Task inputs START
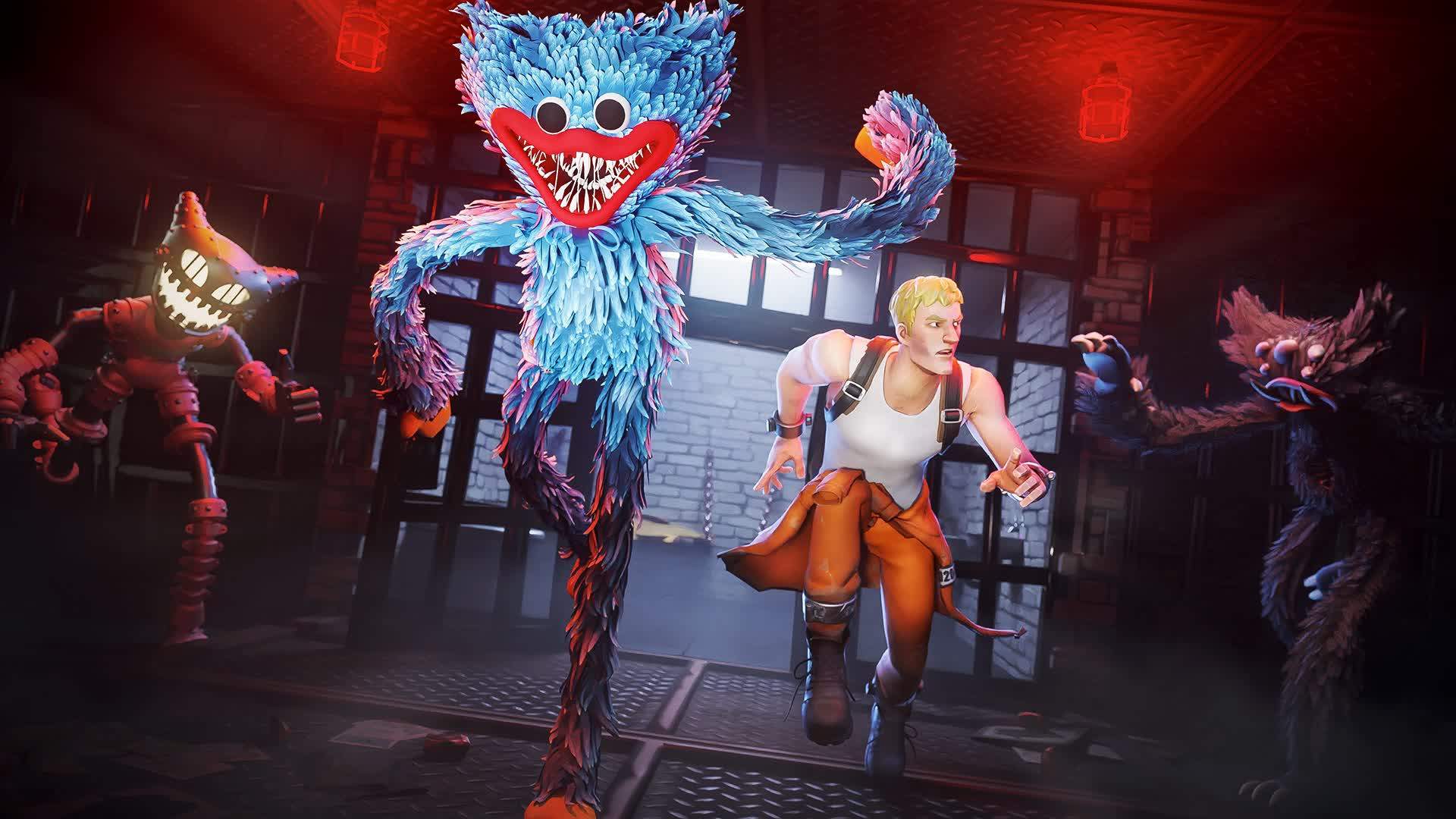 HUGGY'S ESCAPE [HORROR]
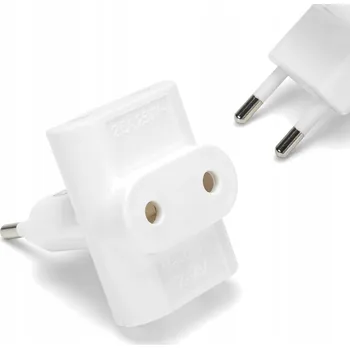 Elektrická zásuvka 3CESTNÝ ELEKTRICKÝ ROZBOČKA , 3 ROZDVOJKA BÍLÝ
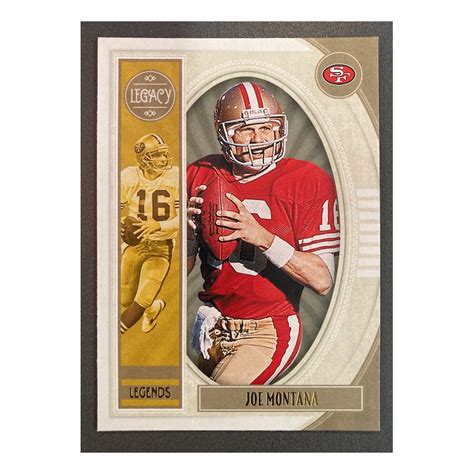 Joe Montana 2019 Legacy 103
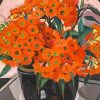 Flowers Vase Margaret Preston Paint By Numbers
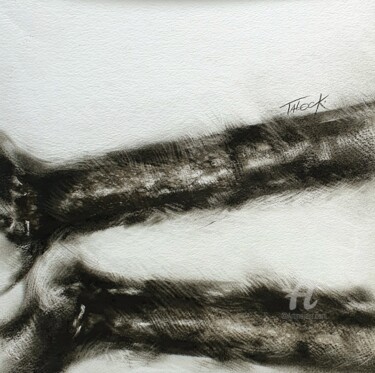 Painting titled "FERS 5" by Taloc.K., Original Artwork, Graphite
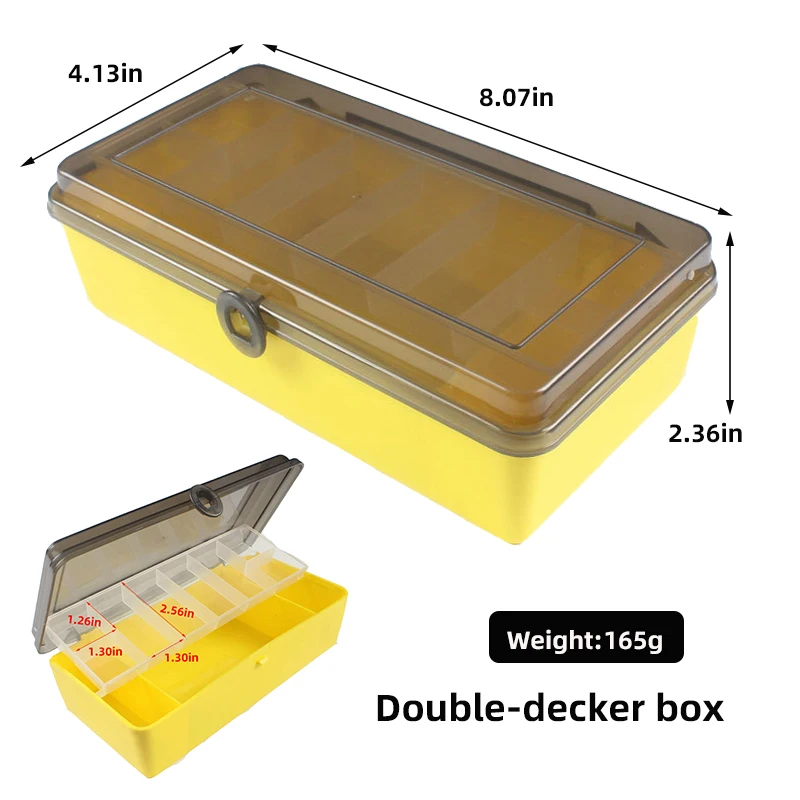 Electronic Parts Plastic Tool Box Wall Hanging Screw Classification Component Organizer Hardware Tool Storage Box Jewelry Case soft tool bag Tool Storage Items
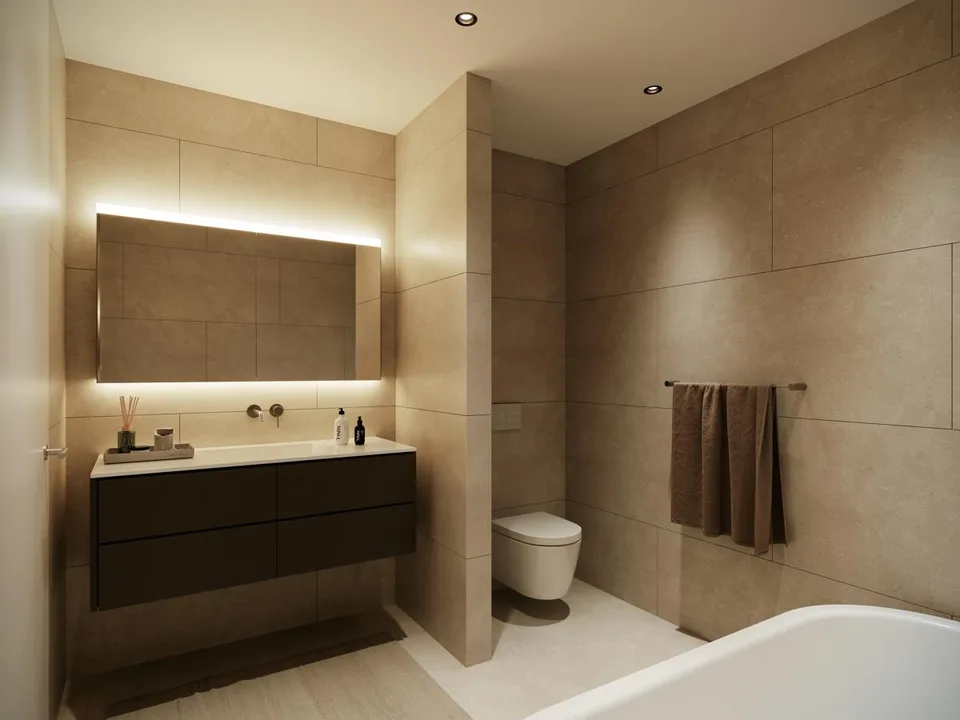 Belair Residences: appartamento nuovo elegante con area giardino – foto 4 di 5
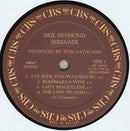 Neil Diamond : Serenade (LP, Album)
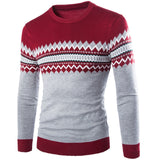 Winter Round Neck Pullover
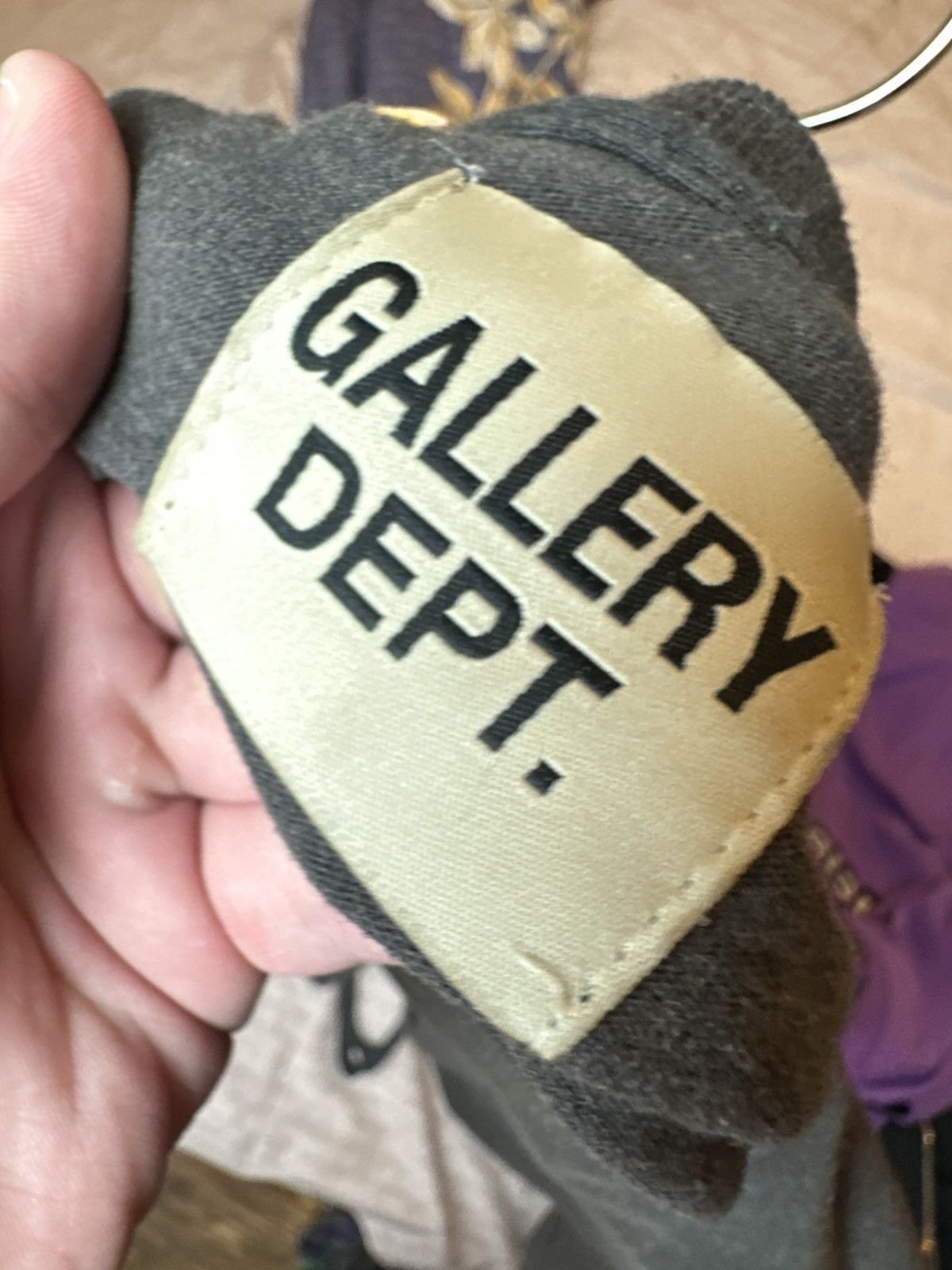 Gallery Dept. × Migos Gallery Dept x Migos Culture III Piss T-Shirt. Size US L / EU 52-54 / 3 - 12 Thumbnail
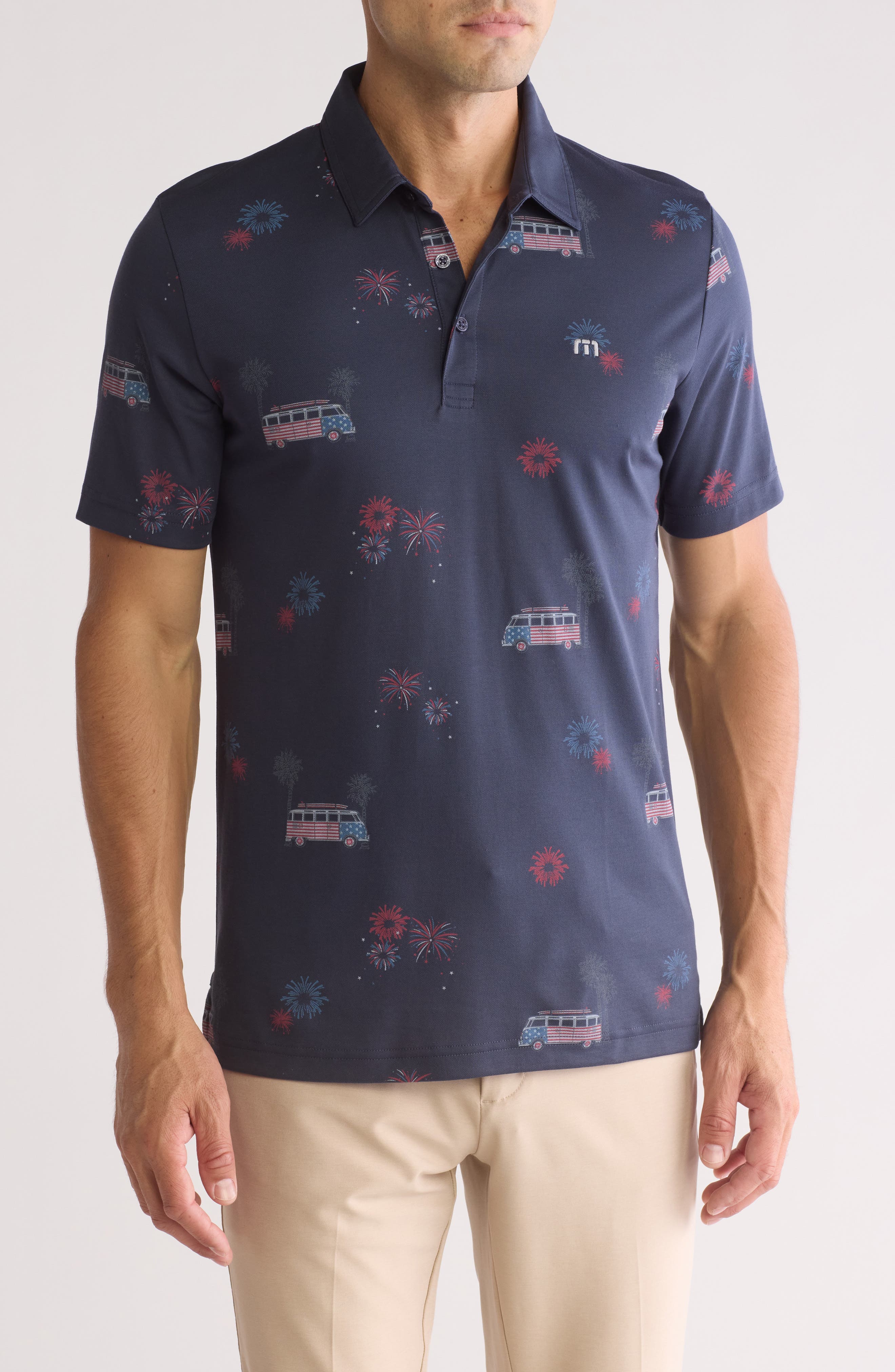 TravisMathew Firework Display Polo
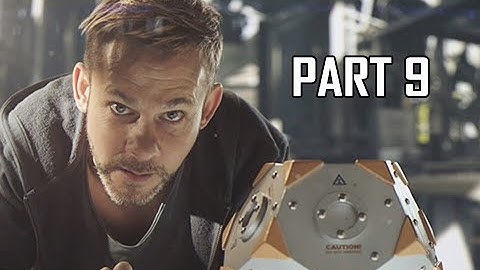 Quantum Break Walkthrough Part 9 - Bradbury Swimming Pool (XBOX One Let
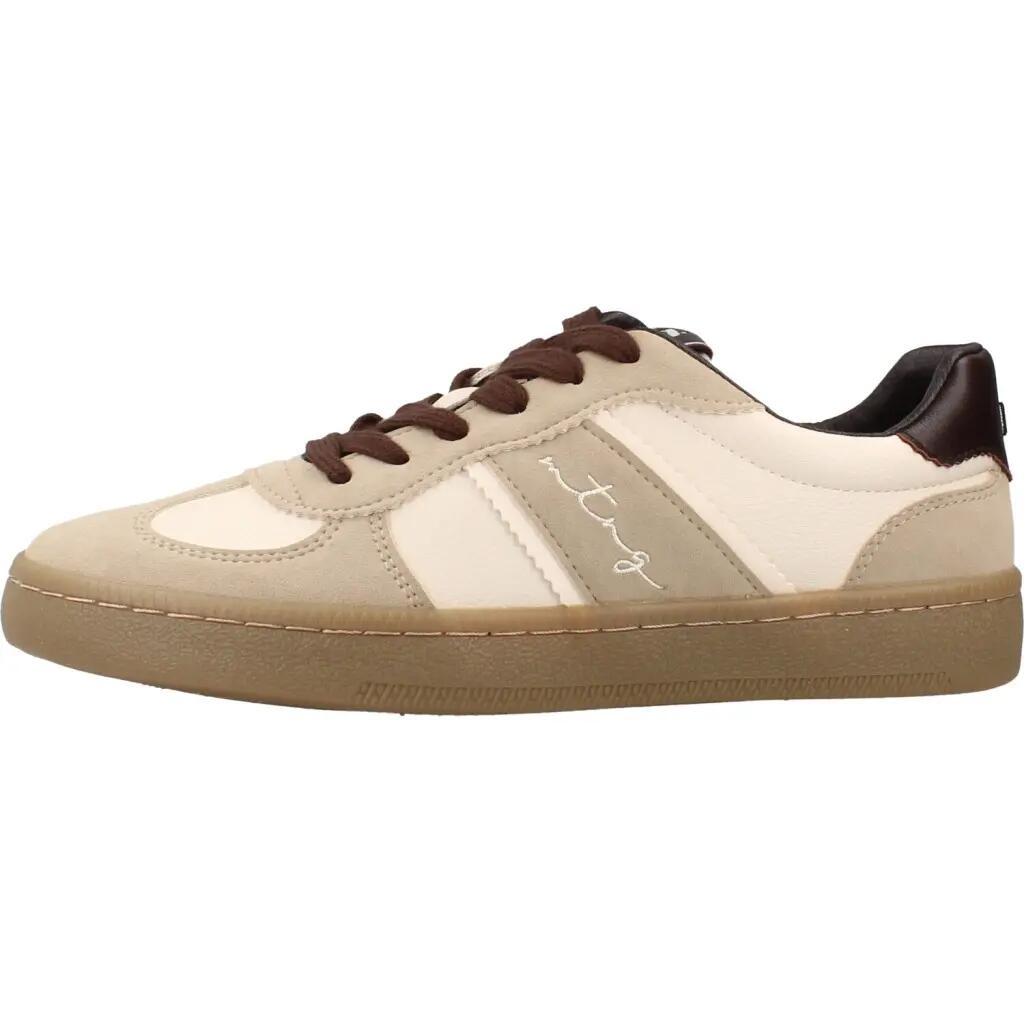 Sneakers femme MTNG Roy beige 2/6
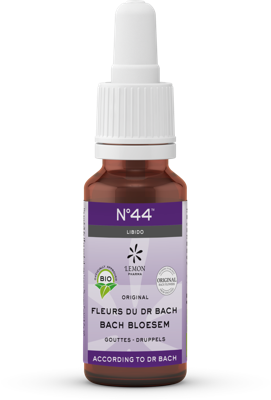 Bach Bloesem Bach bloesems mengeling 44 libido bio 20 Milliliter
Task inputs END
* Your assignment
Your task is a word-for-word transcription of the entries, leaving out all pictures.

* Solution for this problem
 HUGGY'S ESCAPE [HORROR]
 Elektrická zásuvka 3CESTNÝ ELEKTRICKÝ ROZBOČKA , 3 ROZDVOJKA BÍLÝ
 Joe Montana 2019 Legacy 103
 Flowers Vase Margaret Preston Paint By Numbers
 Painting titled "FERS 5" by Taloc.K., Original Artwork, Graphite
 Electronic Parts Plastic Tool Box Wall Hanging Screw Classification Component Organizer Hardware Tool Storage Box Jewelry Case soft tool bag Tool Storage Items
 Belair Residences: appartamento nuovo elegante con area giardino – foto 4 di 5
 Neil Diamond : Serenade (LP, Album)
 Winter Round Neck Pullover
 Gallery Dept. × Migos Gallery Dept x Migos Culture III Piss T-Shirt. Size US L / EU 52-54 / 3 - 12 Thumbnail
 TravisMathew Firework Display Polo
 Quantum Break Walkthrough Part 9 - Bradbury Swimming Pool (XBOX One Let
 Sneakers femme MTNG Roy beige 2/6
 Bach Bloesem Bach bloesems mengeling 44 libido bio 20 Milliliter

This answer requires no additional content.